> _DATA LISTING_:
________________________________________

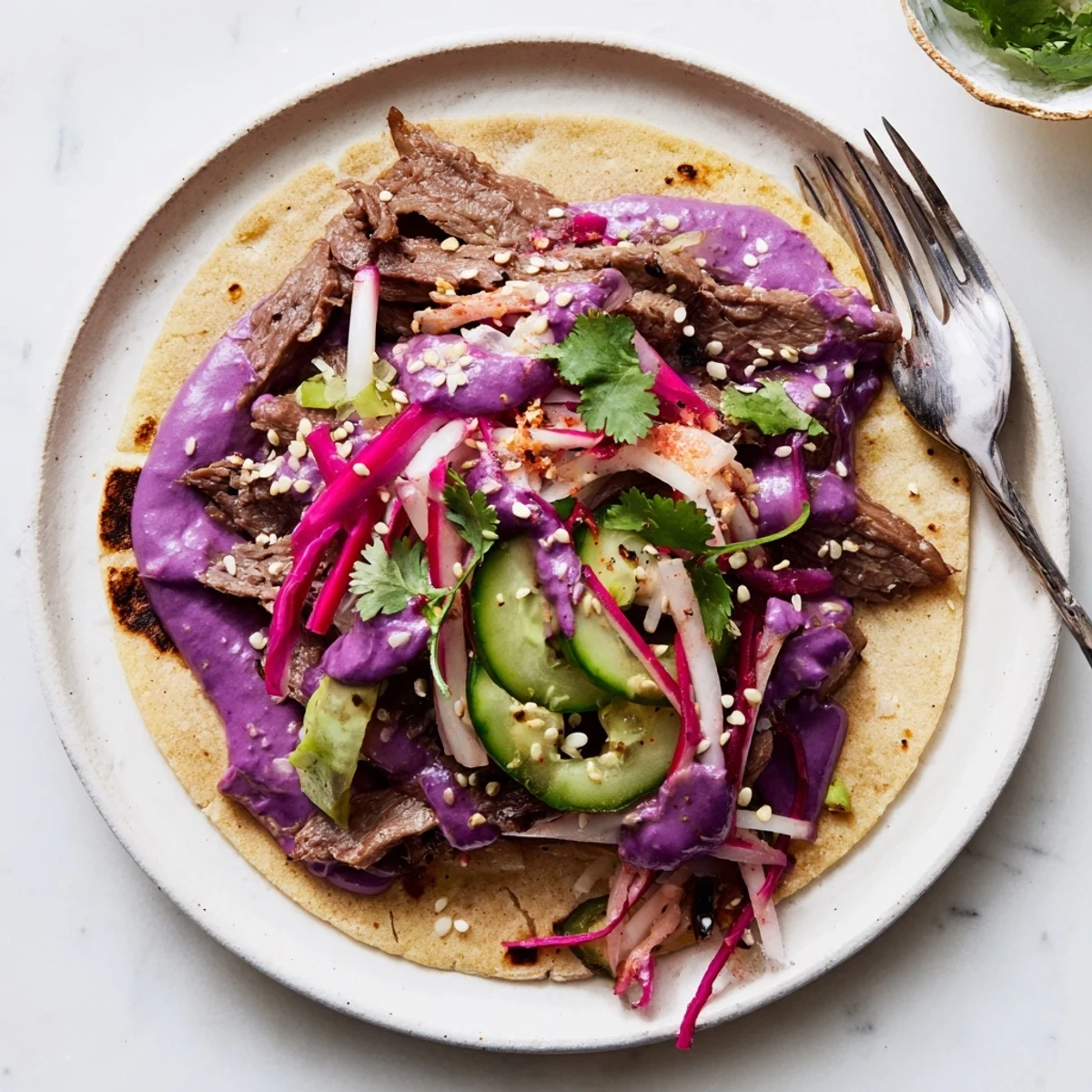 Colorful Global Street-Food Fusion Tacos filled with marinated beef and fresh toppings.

________________________________________

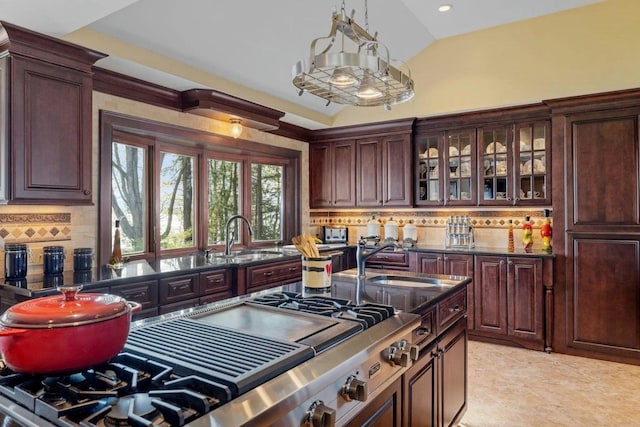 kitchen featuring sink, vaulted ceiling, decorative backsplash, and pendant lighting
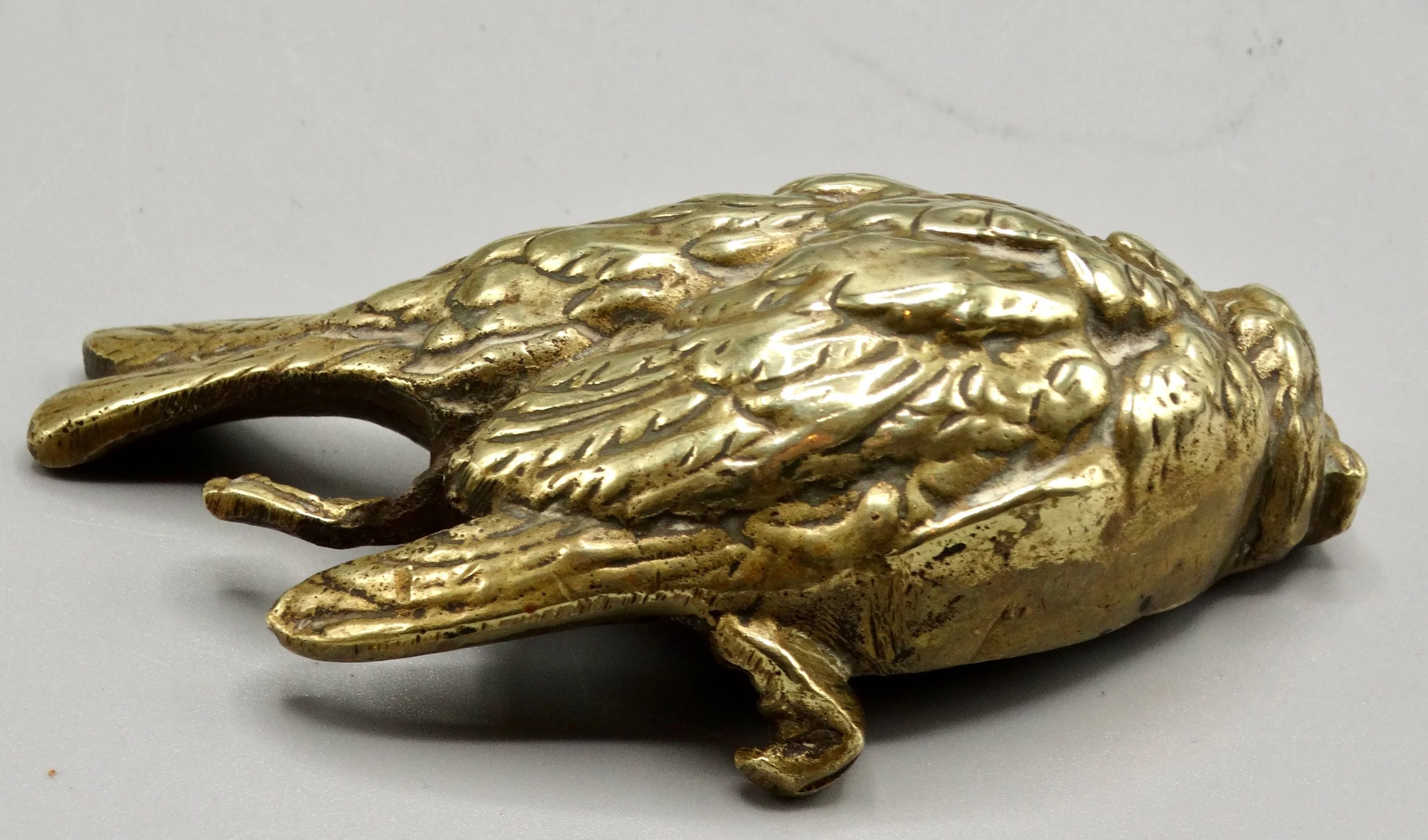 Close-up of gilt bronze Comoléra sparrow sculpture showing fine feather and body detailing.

________________________________________

> _GOAL OF THE EXERCISE_: Within the listing above, print exactly the stretch beginning at the line that contains "kitchen featuring sink, vaulted" and finishing at the line that contains "Close-up of gilt", ends kept, pictures left out, and nothing more.

> _REPLY_:
 kitchen featuring sink, vaulted ceiling, decorative backsplash, and pendant lighting
 Close-up of gilt bronze Comoléra sparrow sculpture showing fine feather and body detailing.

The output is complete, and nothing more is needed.